Berkhamsted Railway Station
Lower Kings Road, Berkhamsted
A railway station may seem like an unlikely place to draw connections with a cemetery, but the London and Birmingham Railway Company was one of the donors who supported the foundation of Rectory Lane Cemetery in 1842.
The construction of the railway through rural Hertfordshire was highly unpopular in the 1830s. Not only did it threaten the business interests of stagecoaches and coaching inns, but the landed gentry were strongly opposed to railway companies driving the “Iron Horse” across their country estates.
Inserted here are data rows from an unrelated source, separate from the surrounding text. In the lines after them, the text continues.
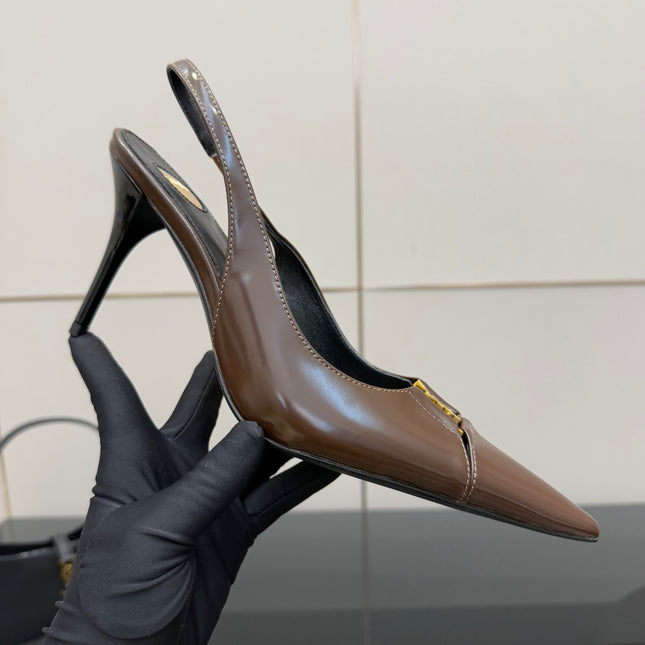 YSL 25S SLINGBACK HIGH HEELS 90 MM IN CHOCOLATE BROWN LAMBSKIN WITH GOLD HARDWARE YSL 25S SLINGBACK HIGH HEELS 90 MM IN CHOCOLATE BROWN LAMBSKIN WITH GOLD HARDWARE STYLE 7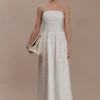 Vestito lungo senza spalline Maureen in broderie – Bianco Vestito lungo senza spalline Maureen in broderie – Bianco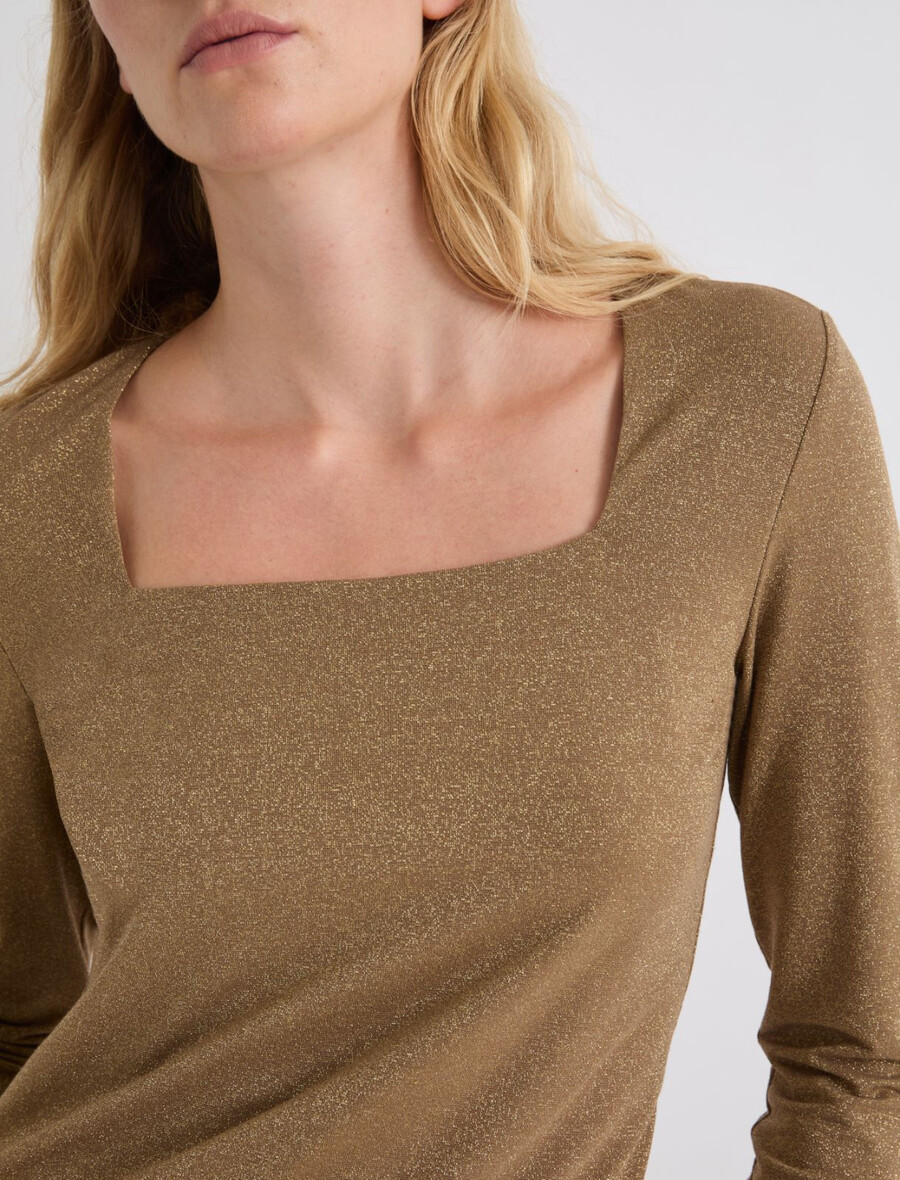 lurexprydd viskos-t-shirt - guld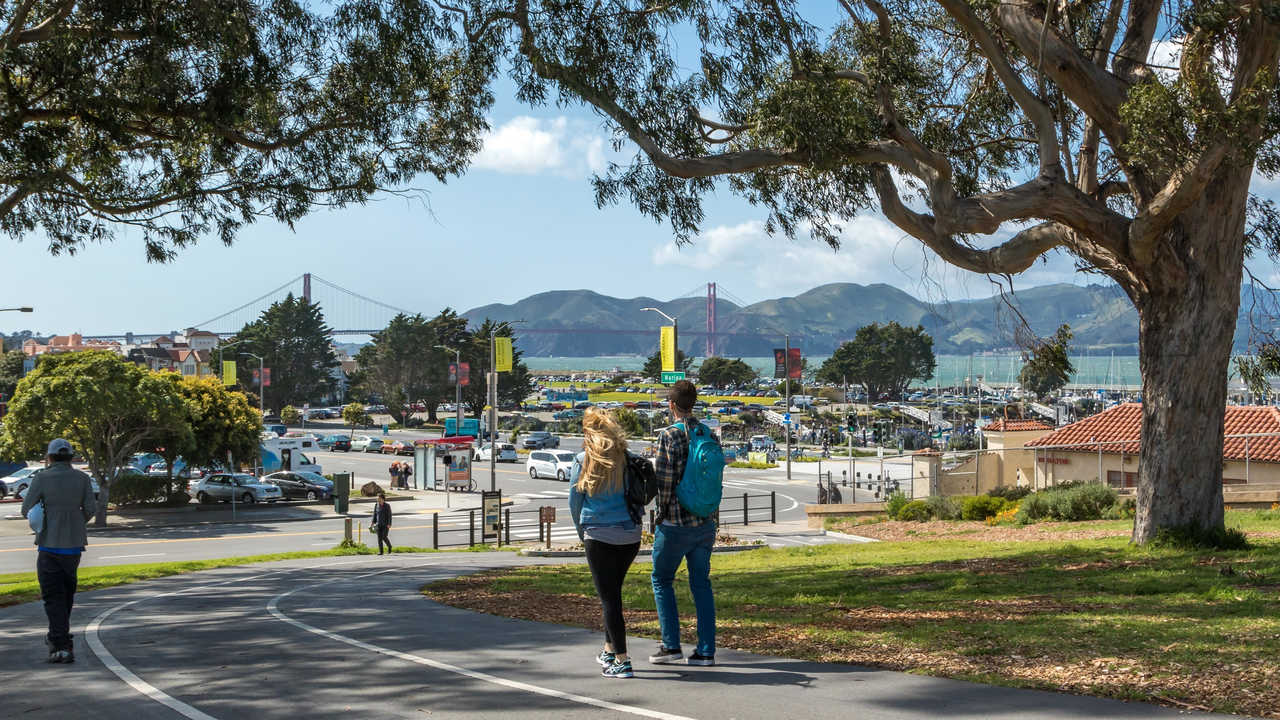 Golden Gate Bridge views from the paths at Fort Mason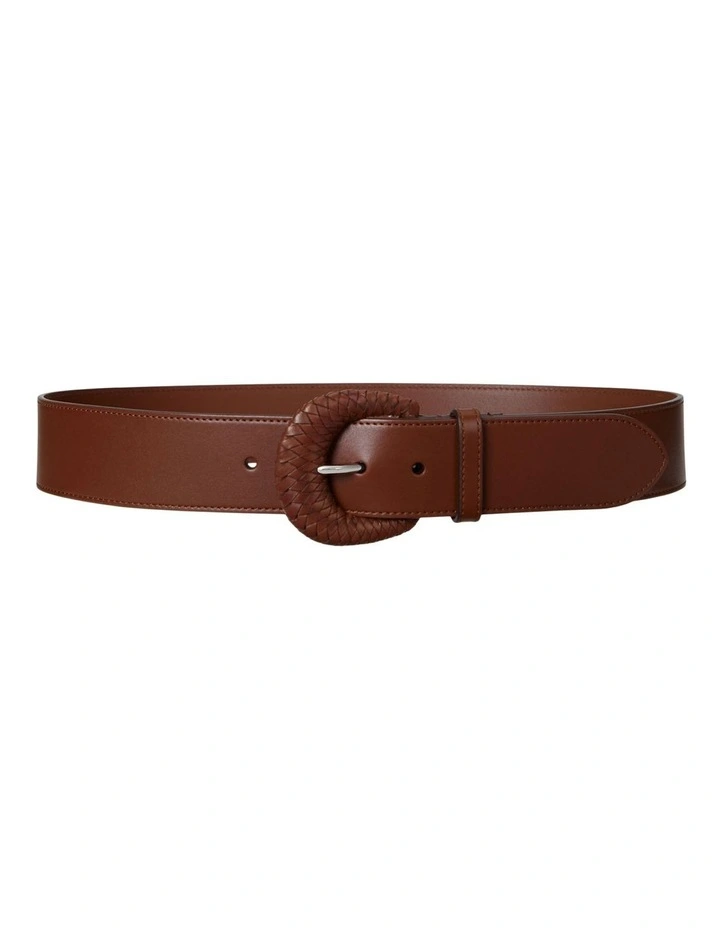 Woven-Buckle Vachetta Leather Wide Belt in Brown image 1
A meeting of angry landowners was held at the Kings Arms coaching inn in Berkhamsted to object to the plans to build a new railway between London and Birmingham through Berkhamsted. Much as with the HS2 scheme today, railway construction attracted vociferous opposition. Despite their opposition, the plans received Royal Assent, but the landowners succeeded in having the route of the railway diverted to avoid Gadebridge House and Ashridge. The railway line was built parallel to the Grand Junction Canal and the ruined barbican and moat of Berkhamsted Castle were cleared to make way for the embankment.
During the construction works, Berkhamsted experienced significant upheaval due to an influx of immigrant workers from the Midlands, Northern England, Scotland and Ireland. At night, navvies filled the local pubs and drunken fights broke out nightly on the once-quiet Berkhamsted High Street. It can be seen that many local townsfolk would have resented the railway greatly.
Perhaps in an attempt to soothe bad feelings among locals, the London and Birmingham Railway Company engaged in acts of charity, and in 1842 it donated a generous £40 to the Parish of Great Berkhamsted towards the creation of a new cemetery on Rectory Lane. This early example of corporate sponsorship is recorded in the inscription on the Bridgewater Foundation Stone in Rectory Lane Cemetery.
The building we see today is in fact the second railway station in Berkhamsted. The original opened in 1837 and was located 100m further along Lower Kings Road, closer to the Castle Street Bridge. It was replaced with the present building in 1875, when the railway was widened.